QED

June 29, 2008

Are Safety Razors the “green” Choice?

Filed under: Personal — Adam Drake @ 7:44 pm

I never thought about it until a few days ago, but I believe they are.

Disposable razors or even cartridge razors (Mach3, Quattro, Fusion, etc.) use all kind of plastic in the cartridges and in the packaging as well. I was shaving the other day and realized how using a safety razor is a greener option. Since new ideas are rare I did some digging on the internet and found other people that switched to safety razors not for their superior performance (like I did) but expressly for their eco-friendliness:

(Going Green)

The timing on this change just happened to be perfect. For several years I have been using a Venus plastic razor with disposable blade heads. These heads are made of plastic and come individually sheathed in mini plastic cups. The whole package of six blade heads is, of course, then wrapped in more plastic. None of which is recyclable in my area.

(Fake Plastic Fish)

I’ve been using this razor for nearly one month. In fact, I’ve been using the same blade the whole time too. At this rate, the box of 100 that I bought from a guy on eBay could last me 8 years! Of course, I don’t shave every day, so your mileage may vary. But just think of all the plastic cartridges and packaging that I am not throwing away.

Yet another reason to use a safety razor instead of a modern cartridge or disposable. All this in addition to the fact that the blades are cheaper (mine cost about $0.25 in boxes of 250) and the shave is far better than some vibrating 5 blade contraption.

June 13, 2008

My New HP II

Filed under: Math — Adam Drake @ 8:12 pm

Since nearly all my work history as an IT guy has been working at financial services companies, I’m working on my MS in applied mathematics, and I enjoy financial mathematics, I decided that it would be fun and lucrative to try to become a CFA charterholder. The exams are very difficult (average passing rate is about 40%) and only two calculators are allowed. One is the TI BAII Plus, which I wont use because I don’t like TI calculators. The other is the HP 12c, which I will use because HP calculators, in my experience, are vastly superior to offerings from TI or Casio. If this calculator acquisition business continues, I’m going to be one of those strange people who has every model of HP calculator dating back to 1980 or something.

I really knew I’d made it as a nerd when I was excited about new calculator purchases.

June 11, 2008

Best. xkcd. Ever.

Filed under: Math — Adam Drake @ 3:15 pm

All us mathematicians can appreciate this, even the applied ones.
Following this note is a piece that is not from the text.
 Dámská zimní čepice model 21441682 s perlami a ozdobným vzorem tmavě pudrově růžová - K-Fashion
So true.

June 10, 2008

Cheap Blade Safe

Filed under: Uncategorized — Adam Drake @ 9:46 pm

I’m what I like to call…frugal. Armed with that knowledge you can see why even something as inexpensive as a $0.99 blade safe isn’t worth buying. Instead of spending my hard earned change, I just made one from a 20 oz. Pepsi bottle by making 3 cuts in the upper part of the bottle and pushing the attached plastic inward. I plan on putting a few layers of tape over it when the bottle gets full and I throw it away.

Behold, my cheapskate engineering.

June 9, 2008

Miscellany II

Filed under: Uncategorized — Adam Drake @ 10:46 pm

Well it looks like I haven’t posted since the last day of April. There’s a good reason for that, namely that I’ve been busy. I had finals the first week of May, then the lead-up to Whitney’s graduation on the 18th, then we left the 19th to go to Idaho and didn’t return until June 31st. We stayed home for a few days but went to Ft. Worth last weekend. I really haven’t had the time nor the inclination to do much in the way of writing. However, during the last month or so I’ve collected some bookmarks that I’ve planned on writing about so I present another miscellany post.
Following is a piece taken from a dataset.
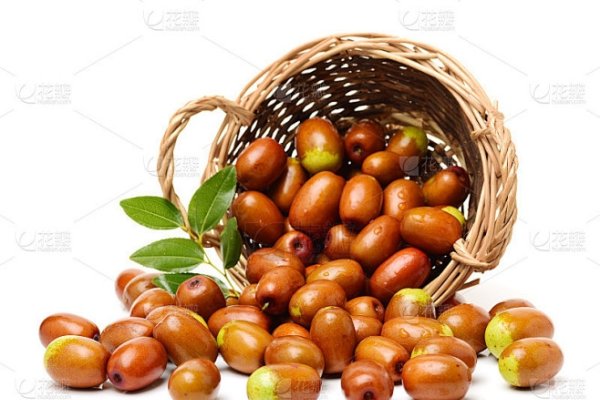 梦见吃枣子，吉祥富贵的象征。-红迪亚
  1. Sean Carroll wrote an interesting article in one of his favorite areas of research (and mine), the direction of time, for Scientific American:

    The basic laws of physics work equally well forward or backward in time, yet we perceive time to move in one direction only—toward the future. Why?
    To account for it, we have to delve into the prehistory of the universe, to a time before the big bang. Our universe may be part of a much larger multiverse, which as a whole is time-symmetric. Time may run backward in other universes.
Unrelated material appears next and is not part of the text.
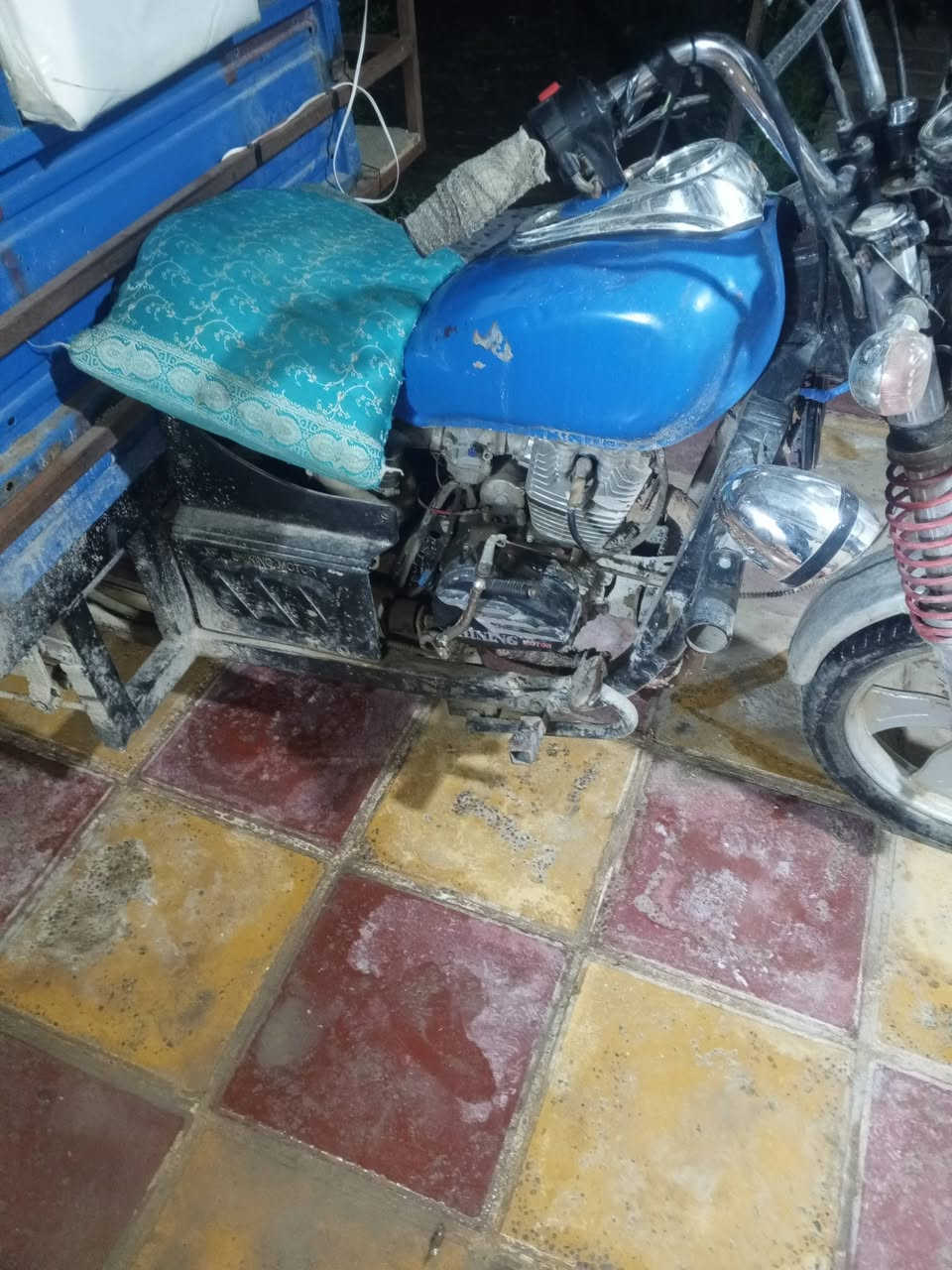 السلام عليكم ستوته للبيع موديل 16كلك نضيفه مكفوله كير حداديه وكهربائيات الرقم  *********** بي واتساب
  2. As someone who is involved in academia the growing distaste that the general public has with all endeavors intellectual pains me greatly. I thought I was just turning into a grumpy old man, even though I’m only 25, but evidently this problem has been around for a while. Many articles and even books have been written on the subject of anti-intellectualism, and the one I happened to stumble across was in the Washington Post:

    It is almost impossible to talk about the manner in which public ignorance contributes to grave national problems without being labeled an “elitist,” one of the most powerful pejoratives that can be applied to anyone aspiring to high office. Instead, our politicians repeatedly assure Americans that they are just “folks,” a patronizing term that you will search for in vain in important presidential speeches before 1980. (Just imagine: “We here highly resolve that these dead shall not have died in vain . . . and that government of the folks, by the folks, for the folks, shall not perish from the earth.”) Such exaltations of ordinariness are among the distinguishing traits of anti-intellectualism in any era.

    Sean Carroll over at Cosmic Variance also blogged about the topic.

  3. The Center for American Progress (who saw it in Texas Monthly) noted some terrible information about the sex education program in Texas schools.

    Under current federal standards, any sex education program receiving federal funds must conform to “abstinence only” guidelines, which means mentioning contraception only to discuss its failures and teaching, among other things, that “sexual activity outside of the context of marriage is likely to have harmful psychological and physical effects.”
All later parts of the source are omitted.